- Date: October 17, 2008
- Main characters: Joker Jonny Frost Batman Killer Croc Riddler Two-Face Harley Quinn Penguin
- Page count: 128 pages
- Publisher: DC Comics

Creative team
- Writers: Brian Azzarello
- Artists: Lee Bermejo
- Inkers: Mick Gray
- Letterers: Robert Clark
- Colourists: Patricia Mulvihill
- ISBN: 1401215815

= Joker (graphic novel) =

2008 graphic novel by DC Comics

Joker is an American graphic novel published by DC Comics in 2008. Written by Brian Azzarello and illustrated by Lee Bermejo, it is based on characters from DC's Batman series, focusing primarily on the title character.

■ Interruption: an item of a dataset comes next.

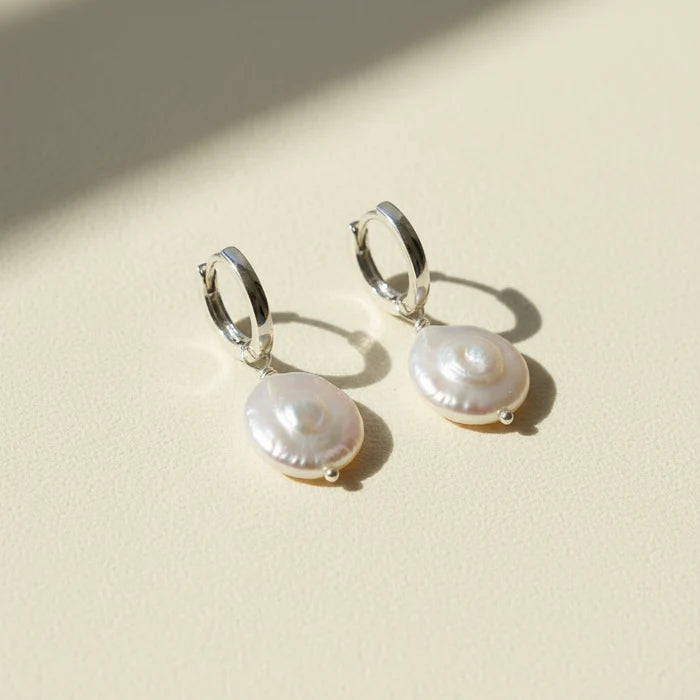 Pair of pearl earrings on a white background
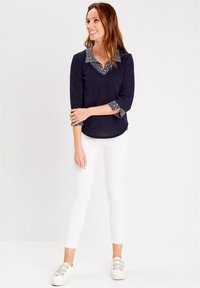 Marineblauer Pullover mit V-Ausschnitt und weißem, blumenmustertem Kragen und Bündchen; kombiniert mit weißen, schmal geschnittenen Hosen und weißen Sneakern.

It is a unique take on the Batman mythos, set outside regular continuity and narrated by one of the Joker's henchmen. The miniseries Batman: Damned is a stand-alone sequel to the graphic novel, with the miniseries incorporating certain details, settings, and designs that hint at the two stories sharing a connected narrative.

==Publication history==
Azzarello and Bermejo had previously worked on a similar take on Superman's archenemy in Lex Luthor: Man of Steel, and Joker grew out of a discussion following completion of that project. DC Editor Dan DiDio approved the new project the following day. The initial plan was to reflect this connection with a title sharing the same structure, Joker: The Dark Knight but was felt to be too similar to the film The Dark Knight, and so the name was shortened. When the writer was asked if he preferred writing villains he said: "I relate to them. [Laughs] I don't relate to the heroes. The Man, tryin' to keep you down!"

==Plot==
Jonny Frost, a low-level thug, is sent to Arkham Asylum to pick up the newly released Joker, who immediately takes a liking to Frost, using him as a chauffeur. Frost drives Joker to the lair of Killer Croc. The three go to a strip bar called the Grin and Bare It. With the help of Harley Quinn, Joker kills one of his former henchmen and claims his intention to make Gotham City his again. Joker robs a bank and coaxes the Penguin to invest the stolen money. Joker embarks on a killing spree, murdering many thugs who stole his money, turf, and bizarre sense of reputation. He is then informed by Penguin that Harvey Dent, his chief rival for control of Gotham, is avoiding him, enraging Joker. Frost is detained by Dent, who warns him that Joker will kill him, but Frost delusionally believes he is an equal partner to Joker. Subsequently, Frost is late to Joker's meeting with the Riddler, a disabled weapons dealer. They exchange a briefcase, and Joker and his crew leave. Once on the road, they are attacked by crooked off-duty cops hired by Dent, and Frost saves Joker's life in the scuffle.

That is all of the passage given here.